Keywords: Bisphosphonates, drug holidays, osteoporosis, postmenopausal

How to cite this article:
Tandon VR, Sharma S, Mahajan A. Bisphosphonate drug holidays: Can we recommend currently?. J Mid-life Health 2014;5:111-4

How to cite this URL:
Tandon VR, Sharma S, Mahajan A. Bisphosphonate drug holidays: Can we recommend currently?. J Mid-life Health [serial online] 2014 [cited 2021 Dec 3];5:111-4. Available from:

   Introduction Top

Bisphosphonates (BP) are the mainstay of treatment for postmenopausal osteoporosis worldwide with established efficacy in the prevention of vertebral and nonvertebral fractures. [1],[2],[3]

They are generally well-tolerated and safe. However, there are some adverse drug reactions reported with BP such as gastrointestinal effects, acute phase reactions, musculoskeletal pain, atrial fibrillation, subtrochanteric or diaphyseal fracture, osteonecrosis of the jaw (ONJ), cutaneous hypersensitivity reactions and renal impairment. [4]

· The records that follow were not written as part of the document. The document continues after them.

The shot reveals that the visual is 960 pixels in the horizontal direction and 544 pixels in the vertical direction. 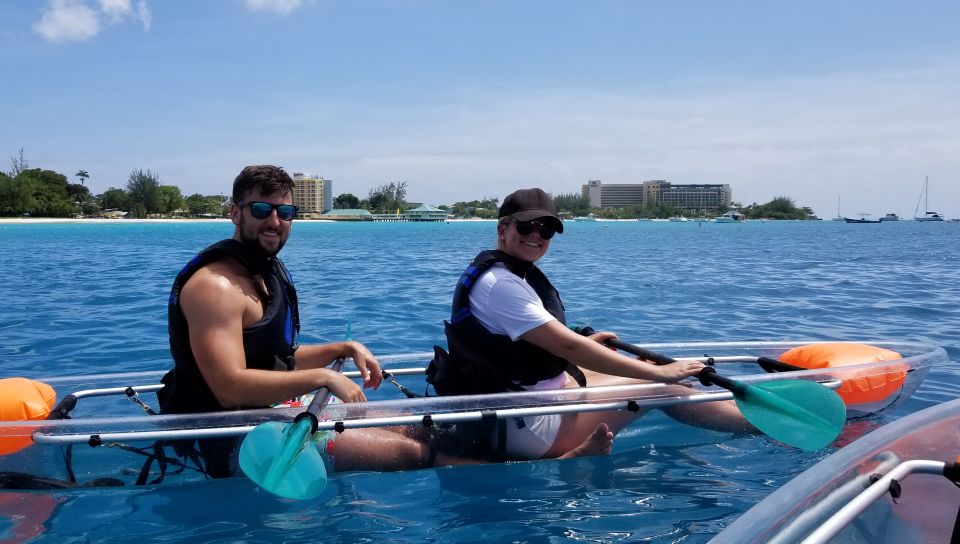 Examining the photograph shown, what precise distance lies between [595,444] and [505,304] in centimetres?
95

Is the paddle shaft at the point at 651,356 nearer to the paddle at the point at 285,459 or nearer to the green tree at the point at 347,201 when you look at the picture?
the paddle at the point at 285,459

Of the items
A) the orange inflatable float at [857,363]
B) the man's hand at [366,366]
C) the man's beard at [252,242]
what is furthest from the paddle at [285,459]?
the orange inflatable float at [857,363]

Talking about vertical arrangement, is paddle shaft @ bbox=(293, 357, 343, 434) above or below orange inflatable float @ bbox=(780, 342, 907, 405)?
above

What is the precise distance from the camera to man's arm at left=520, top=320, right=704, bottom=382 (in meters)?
3.02

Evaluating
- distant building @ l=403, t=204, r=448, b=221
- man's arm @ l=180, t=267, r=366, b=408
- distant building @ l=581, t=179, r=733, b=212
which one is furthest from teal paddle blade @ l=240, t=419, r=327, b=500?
distant building @ l=581, t=179, r=733, b=212

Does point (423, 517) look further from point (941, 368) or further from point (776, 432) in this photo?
point (941, 368)

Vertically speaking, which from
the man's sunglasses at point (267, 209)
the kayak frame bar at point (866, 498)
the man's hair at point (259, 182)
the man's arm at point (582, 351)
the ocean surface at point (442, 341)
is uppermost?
the man's hair at point (259, 182)

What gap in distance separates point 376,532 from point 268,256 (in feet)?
4.22

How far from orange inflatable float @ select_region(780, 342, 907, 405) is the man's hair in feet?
10.4

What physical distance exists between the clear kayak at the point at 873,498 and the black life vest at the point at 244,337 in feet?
6.59

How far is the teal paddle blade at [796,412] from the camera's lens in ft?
10.4

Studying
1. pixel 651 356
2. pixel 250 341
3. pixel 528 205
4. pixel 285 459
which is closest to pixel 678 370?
pixel 651 356

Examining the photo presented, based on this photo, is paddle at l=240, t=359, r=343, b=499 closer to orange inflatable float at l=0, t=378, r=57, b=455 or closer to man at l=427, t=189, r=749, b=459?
man at l=427, t=189, r=749, b=459

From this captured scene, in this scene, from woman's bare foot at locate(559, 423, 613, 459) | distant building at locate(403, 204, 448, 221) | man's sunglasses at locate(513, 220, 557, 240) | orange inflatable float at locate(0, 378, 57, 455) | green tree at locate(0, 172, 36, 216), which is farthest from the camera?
distant building at locate(403, 204, 448, 221) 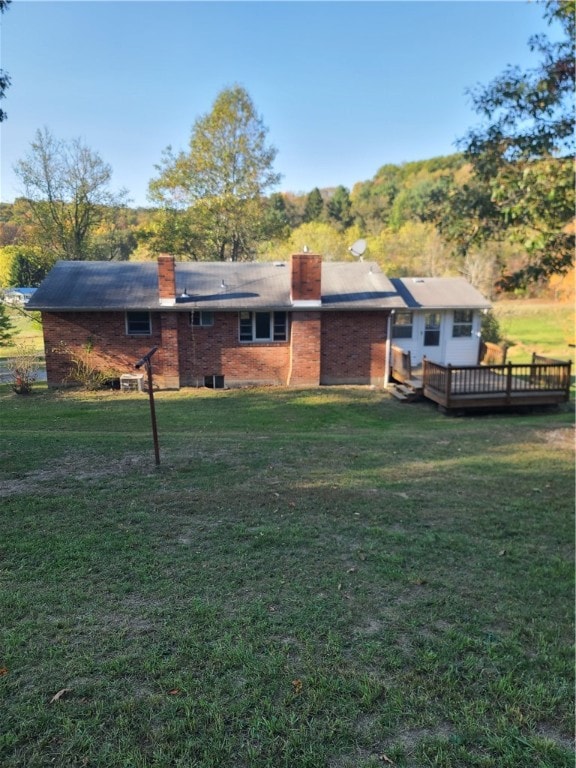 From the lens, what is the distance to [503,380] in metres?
14.8

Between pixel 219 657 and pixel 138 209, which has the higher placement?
pixel 138 209

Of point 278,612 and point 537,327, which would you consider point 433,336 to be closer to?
point 278,612

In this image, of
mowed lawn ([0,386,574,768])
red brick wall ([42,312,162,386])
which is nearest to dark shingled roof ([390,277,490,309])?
red brick wall ([42,312,162,386])

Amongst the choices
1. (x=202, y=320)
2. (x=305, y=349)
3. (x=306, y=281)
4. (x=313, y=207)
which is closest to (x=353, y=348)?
(x=305, y=349)

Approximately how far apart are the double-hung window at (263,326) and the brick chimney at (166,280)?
2349 millimetres

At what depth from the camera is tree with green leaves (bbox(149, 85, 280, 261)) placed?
31.5 m

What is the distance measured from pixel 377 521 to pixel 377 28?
1061cm

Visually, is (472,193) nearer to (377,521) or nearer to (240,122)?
(377,521)

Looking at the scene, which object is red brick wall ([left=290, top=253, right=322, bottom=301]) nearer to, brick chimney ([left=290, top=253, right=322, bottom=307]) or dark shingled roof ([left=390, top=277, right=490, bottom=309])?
brick chimney ([left=290, top=253, right=322, bottom=307])

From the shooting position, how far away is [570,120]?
645 centimetres

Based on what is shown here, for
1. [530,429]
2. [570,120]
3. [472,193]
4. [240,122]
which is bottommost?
[530,429]

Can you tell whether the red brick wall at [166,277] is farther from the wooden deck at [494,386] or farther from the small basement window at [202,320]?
the wooden deck at [494,386]

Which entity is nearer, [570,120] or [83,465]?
[570,120]

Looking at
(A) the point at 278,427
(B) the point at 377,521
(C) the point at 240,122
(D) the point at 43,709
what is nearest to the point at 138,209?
(C) the point at 240,122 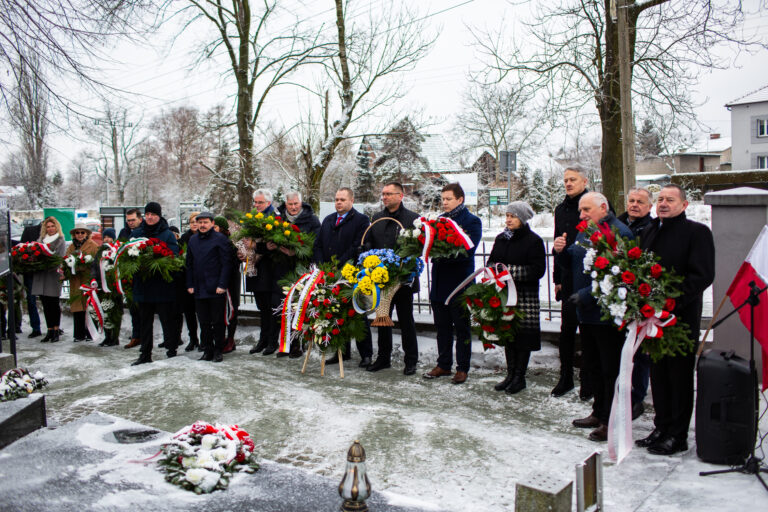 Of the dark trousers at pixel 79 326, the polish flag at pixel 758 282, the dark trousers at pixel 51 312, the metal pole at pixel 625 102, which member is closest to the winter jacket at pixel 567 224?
the polish flag at pixel 758 282

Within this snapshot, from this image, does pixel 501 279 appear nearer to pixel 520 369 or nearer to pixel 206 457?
pixel 520 369

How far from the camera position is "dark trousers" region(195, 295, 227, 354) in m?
8.16

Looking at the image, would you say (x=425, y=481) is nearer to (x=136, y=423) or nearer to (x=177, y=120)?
(x=136, y=423)

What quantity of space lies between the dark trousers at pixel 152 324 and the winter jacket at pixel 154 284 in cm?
10

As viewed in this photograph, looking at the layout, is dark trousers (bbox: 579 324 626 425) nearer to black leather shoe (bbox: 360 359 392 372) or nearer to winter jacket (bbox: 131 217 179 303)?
black leather shoe (bbox: 360 359 392 372)

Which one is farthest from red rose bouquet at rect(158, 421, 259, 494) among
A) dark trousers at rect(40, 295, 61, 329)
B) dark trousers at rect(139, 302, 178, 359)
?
dark trousers at rect(40, 295, 61, 329)

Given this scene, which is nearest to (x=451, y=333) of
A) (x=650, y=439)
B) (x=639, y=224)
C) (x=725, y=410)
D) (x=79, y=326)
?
(x=639, y=224)

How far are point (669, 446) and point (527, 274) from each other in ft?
7.13

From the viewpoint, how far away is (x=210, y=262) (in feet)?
26.6

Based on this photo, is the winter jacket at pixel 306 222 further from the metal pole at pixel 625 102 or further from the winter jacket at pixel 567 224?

Among these, the occurrences of subtrochanteric or diaphyseal fractures has been reported with long-term use of BP but is not substantiated by epidemiologic studies or prospective randomized controlled trials. Regarding the possible mechanism of subtrochanteric or diaphyseal fractures it is unclear whether it is the effect of the drug or is due to underlying osteoporosis. [5] However, it has raised world-wide debate on two aspects, i.e., for how long the BP is to be given and potential advantages/role of BP drug holidays.

Fracture intervention trial and vertebral efficacy with risedronate therapy trials established safety and efficacy of BP for 5 years and 7 years. [6],[7] The Indian Clinical Practise guidelines also recommend the use of BP for 3-5 years. [3]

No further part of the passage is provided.